Foam has been employed as an improved or enhanced oil recovery method to overcome gravity override and the channeling and fingering of the injected gas, which arises because of the low density and viscosity of the injected fluid combined with the rock heterogeneity. A major challenge, however, is the stability of the generated foam when it contacts the oil. In this study we investigate the feasibility of using inexpensive nanoparticles made of coal fly ash, an abundantly available waste product of coal power plants, as a foam booster. We investigate the viability of reducing the size of fly ash particles to 100−200 nm using high-frequency ultrasonic grinding.

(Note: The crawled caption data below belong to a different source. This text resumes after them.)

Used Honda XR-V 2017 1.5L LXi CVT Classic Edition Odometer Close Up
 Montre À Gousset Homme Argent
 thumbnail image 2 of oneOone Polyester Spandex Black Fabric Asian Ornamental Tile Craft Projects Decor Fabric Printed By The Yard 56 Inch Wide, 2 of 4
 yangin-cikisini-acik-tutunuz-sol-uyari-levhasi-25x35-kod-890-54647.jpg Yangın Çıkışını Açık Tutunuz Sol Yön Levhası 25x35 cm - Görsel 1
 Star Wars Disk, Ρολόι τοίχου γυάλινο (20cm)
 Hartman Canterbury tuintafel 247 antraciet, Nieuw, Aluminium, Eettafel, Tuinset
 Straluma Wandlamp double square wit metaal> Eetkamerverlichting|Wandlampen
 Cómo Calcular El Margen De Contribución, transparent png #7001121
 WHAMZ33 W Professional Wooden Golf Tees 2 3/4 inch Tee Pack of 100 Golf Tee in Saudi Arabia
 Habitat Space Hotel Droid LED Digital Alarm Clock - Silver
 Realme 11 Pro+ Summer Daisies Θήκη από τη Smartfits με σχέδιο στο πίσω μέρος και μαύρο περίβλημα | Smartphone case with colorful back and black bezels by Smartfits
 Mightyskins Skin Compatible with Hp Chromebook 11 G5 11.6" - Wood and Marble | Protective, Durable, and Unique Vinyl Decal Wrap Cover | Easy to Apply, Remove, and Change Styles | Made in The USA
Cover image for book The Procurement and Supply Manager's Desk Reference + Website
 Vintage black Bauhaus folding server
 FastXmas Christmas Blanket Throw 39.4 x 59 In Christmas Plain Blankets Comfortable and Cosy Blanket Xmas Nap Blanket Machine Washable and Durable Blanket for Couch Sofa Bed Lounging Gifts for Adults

We also study the foaminess (foamability), strength, and stability of the foams made with minor concentrations of fly ash nanoparticles and surfactant, both in bulk and porous media. The effect of monovalent and divalent ion concentration on the foaminess of the nanoash suspension combined with very low concentrations of a commercial alpha olefin sulfonate (AOS) surfactant, in the presence and absence of oil, is studied. We observe that bulk foam that contains very small amounts of nanoash particles shows a higher stability in the presence of model oils. Furthermore, experiments in porous media exhibit remarkably stronger foam with mixtures of nanoash and surfactant, such that the amount of produced liquids from the cores significantly increases. For the first time we show that nanoash can be used to stabilize nitrogen foam in the presence of crude oil at high temperature and pressure. In the presence of oil, the nanoash−AOS foam shows a higher stability, although crude oil tends to form stable emulsions in water in the presence of nanoash.